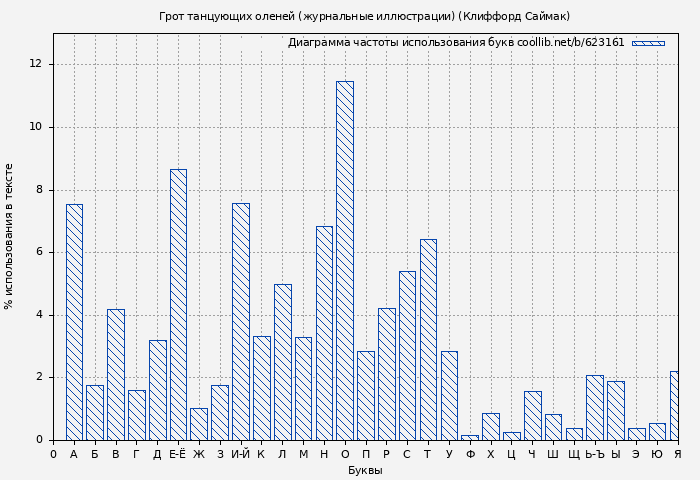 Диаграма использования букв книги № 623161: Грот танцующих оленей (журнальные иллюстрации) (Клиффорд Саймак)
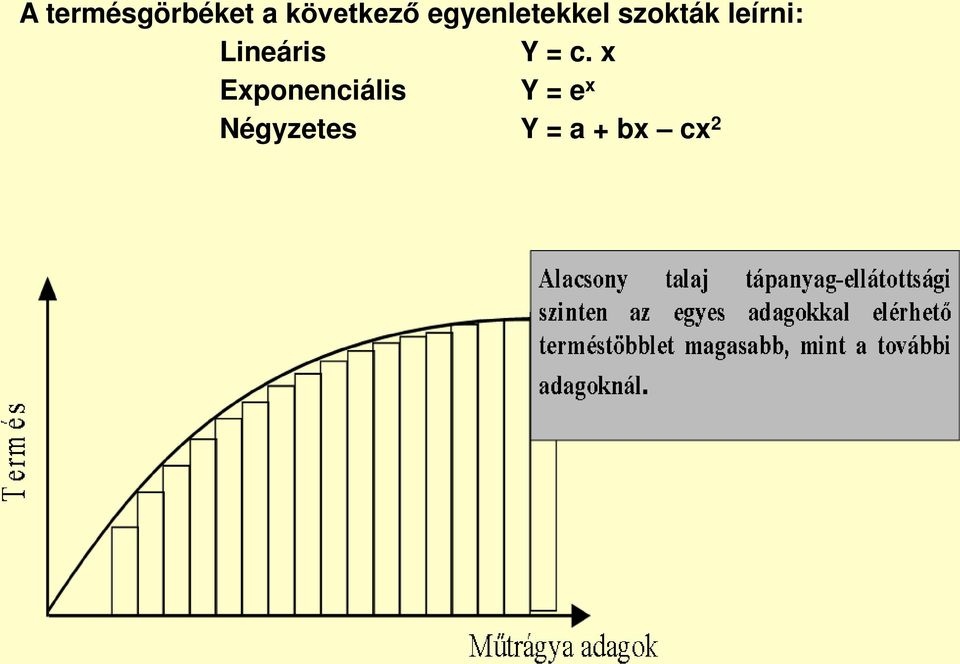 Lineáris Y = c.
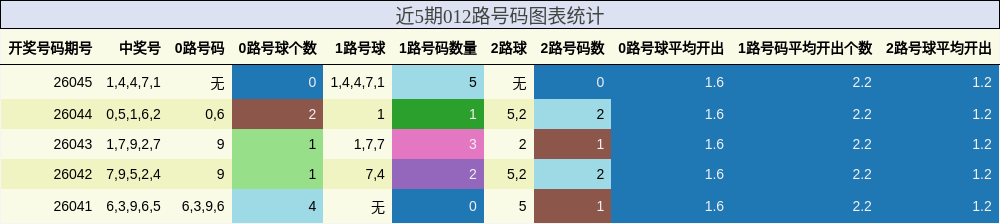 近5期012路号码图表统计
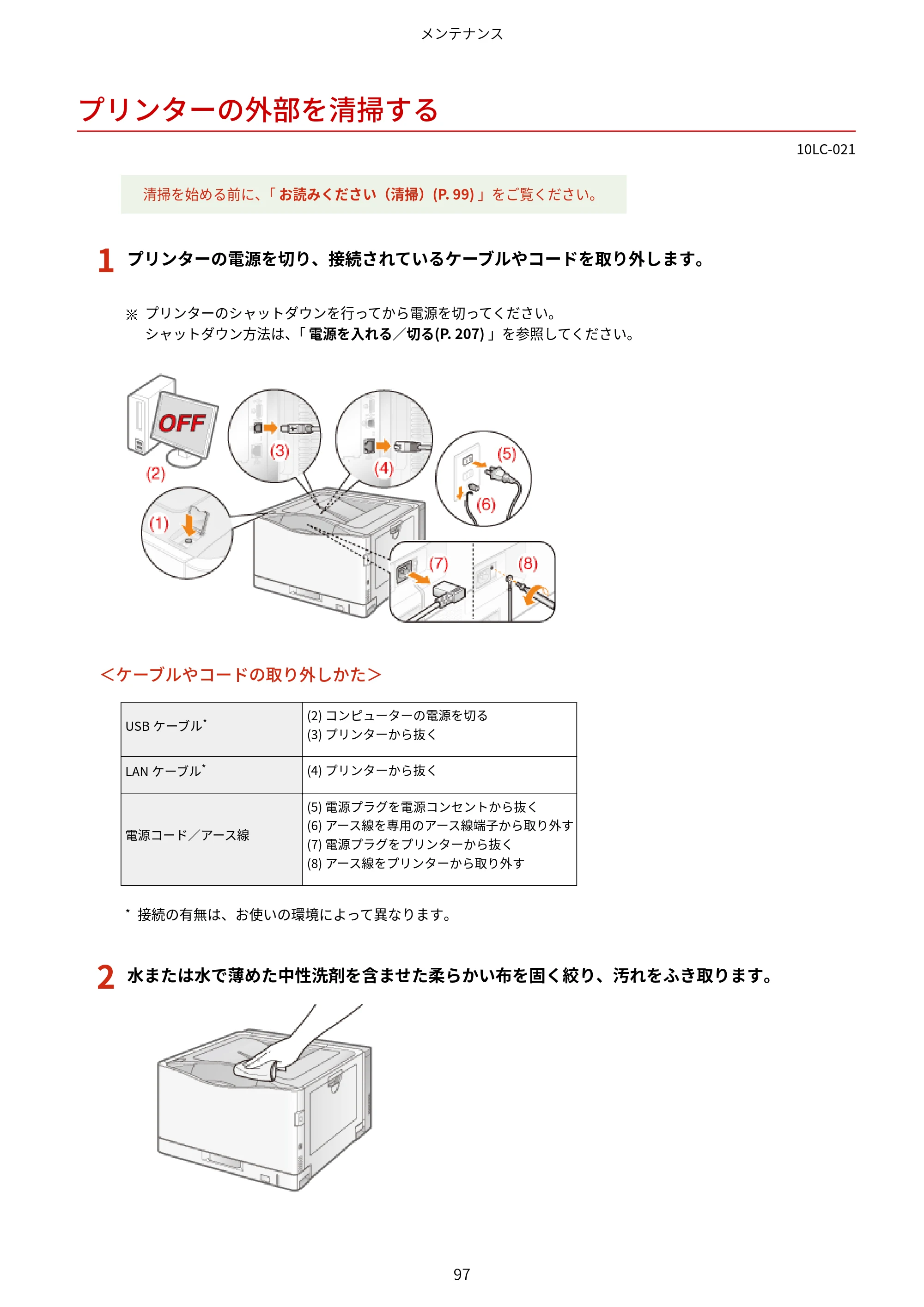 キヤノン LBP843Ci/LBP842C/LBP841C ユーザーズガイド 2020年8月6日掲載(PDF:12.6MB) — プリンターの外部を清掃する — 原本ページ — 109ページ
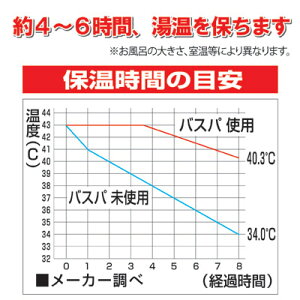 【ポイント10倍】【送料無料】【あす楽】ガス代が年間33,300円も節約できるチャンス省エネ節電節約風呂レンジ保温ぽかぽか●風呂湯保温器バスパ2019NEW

★ ★ ★ ★

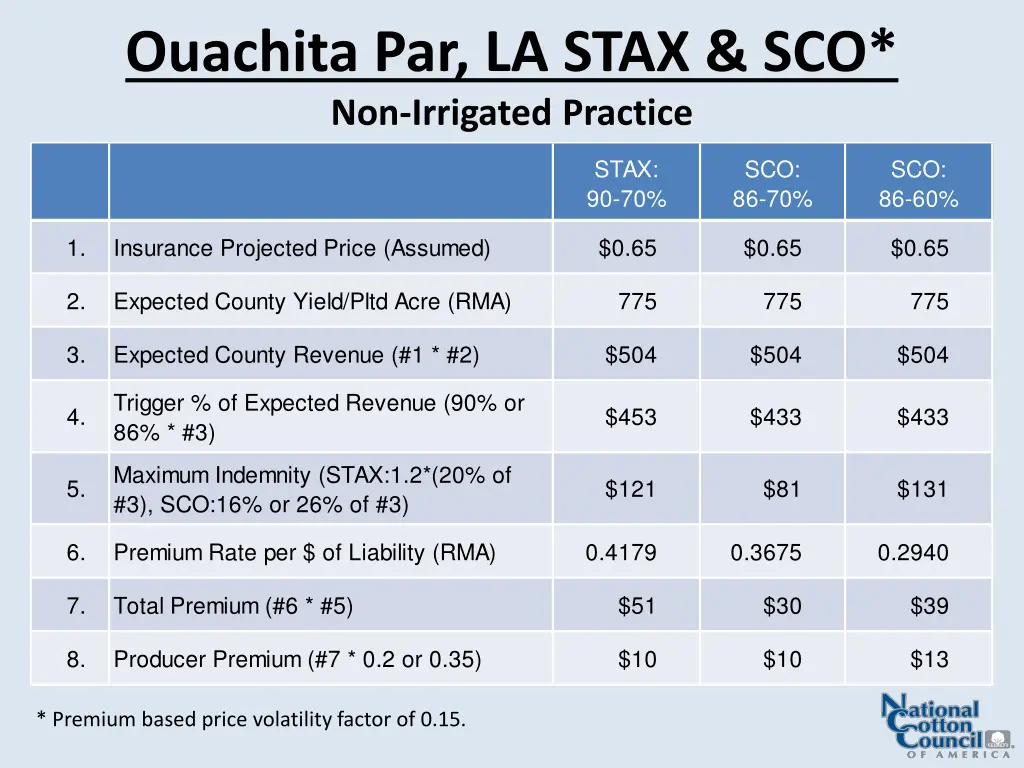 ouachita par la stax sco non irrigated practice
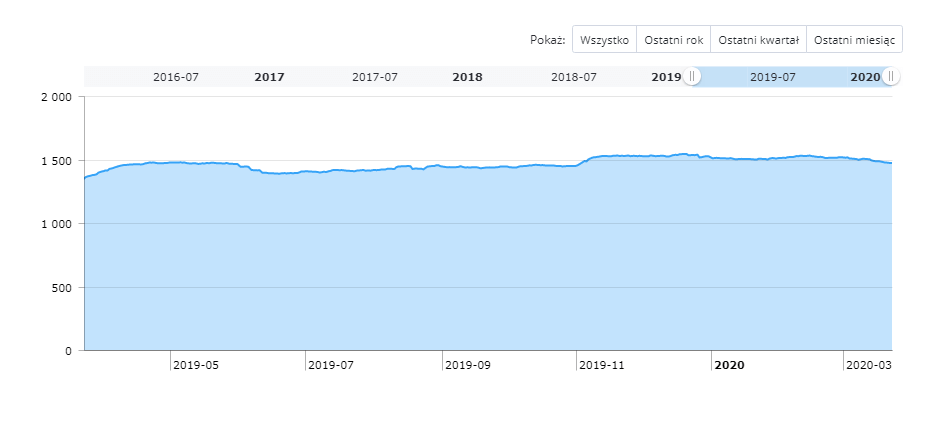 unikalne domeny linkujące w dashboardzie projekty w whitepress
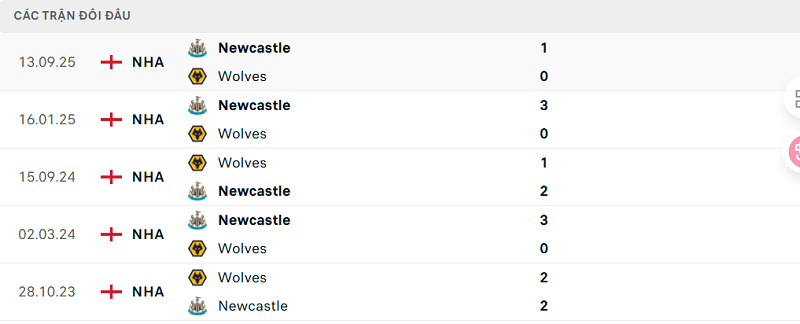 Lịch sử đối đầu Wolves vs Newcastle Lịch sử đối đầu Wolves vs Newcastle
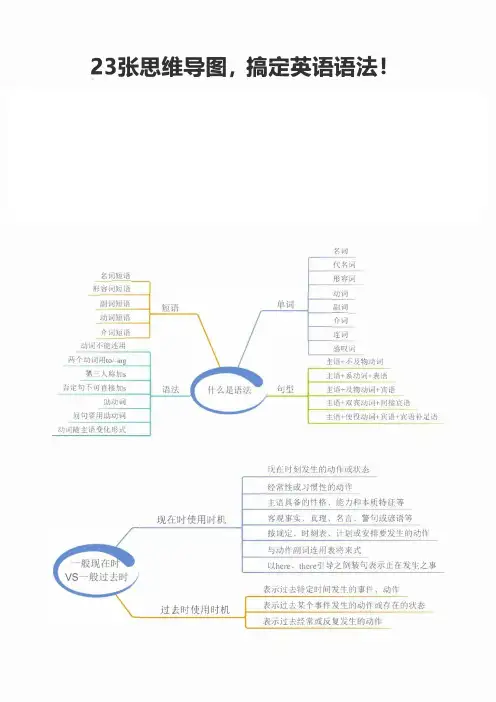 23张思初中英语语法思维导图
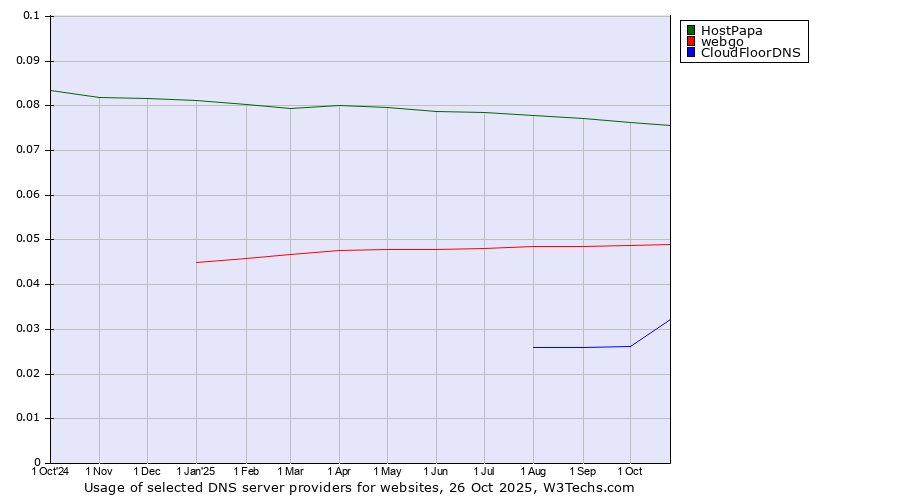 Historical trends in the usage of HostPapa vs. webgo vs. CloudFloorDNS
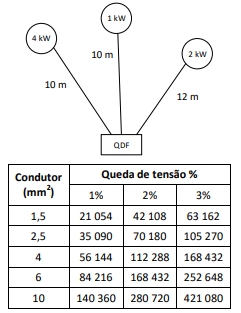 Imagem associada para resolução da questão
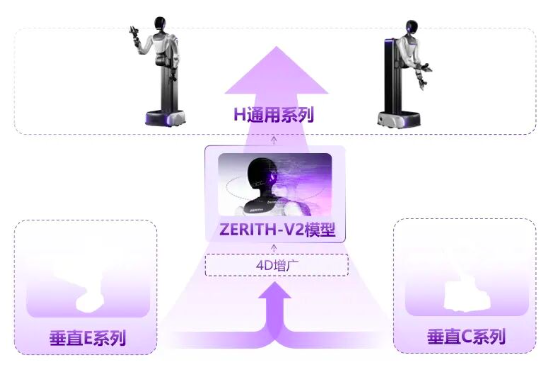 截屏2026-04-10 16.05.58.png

★ ★ ★ ★

■ **Description of the task**
In the listing above, find the line containing "ouachita par la" and the line containing "截屏2026-04-10 16.05.58.png", then output those two lines and everything between them exactly as written, without the images.

■ **Response to the task**
 ouachita par la stax sco non irrigated practice
 unikalne domeny linkujące w dashboardzie projekty w whitepress
 Lịch sử đối đầu Wolves vs Newcastle Lịch sử đối đầu Wolves vs Newcastle
 23张思初中英语语法思维导图
 Historical trends in the usage of HostPapa vs. webgo vs. CloudFloorDNS
 Imagem associada para resolução da questão
 截屏2026-04-10 16.05.58.png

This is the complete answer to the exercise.